The time-lag -- photon-index correlation in GX 339--4

Black-hole transients exhibit a correlation between the time lag of hard photons with respect to softer ones and the photon index of the hard X-ray power law. The correlation is not very tight and therefore it is necessary to examine it source by source. The objective of the present work is to investigate in detail the time-lag -- photon-index correlation in GX 339-4. We have obtained RXTE energy spectra and light curves and have computed the photon index and the time lag of the $9 - 15$ keV photons with respect to the $2 - 6$ keV ones.

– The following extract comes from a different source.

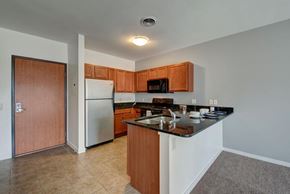 Milwaukee apartment for rent - A bright kitchen here at Latitude featuring warm wood cabinetry, black granite countertops, and stainless appliances, creating a clean, welcoming space with an open layout and functional breakfast bar.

The observations cover the first stages of the hard state, the pure hard state, and the hard-intermediate state. At low $Gamma$, the correlation is positive and it becomes negative at large $Gamma$. By assuming that the hard X-ray power law index $Gamma$ is produced by inverse Compton scattering of soft disk photons in the jet, we have reproduced the entire correlation by varying two parameters in the jet: the radius of the jet at its base $R_0$ and the Thomson optical depth along the jet $tau_parallel$. We have found that, as the luminosity of the source increases, $R_0$ initially increases and then decreases. This behavior is expected in the context of the Cosmic Battery. As a further test of our model, we predict the break frequency in the radio spectrum as a function of the photon index during the rising part of an outburst.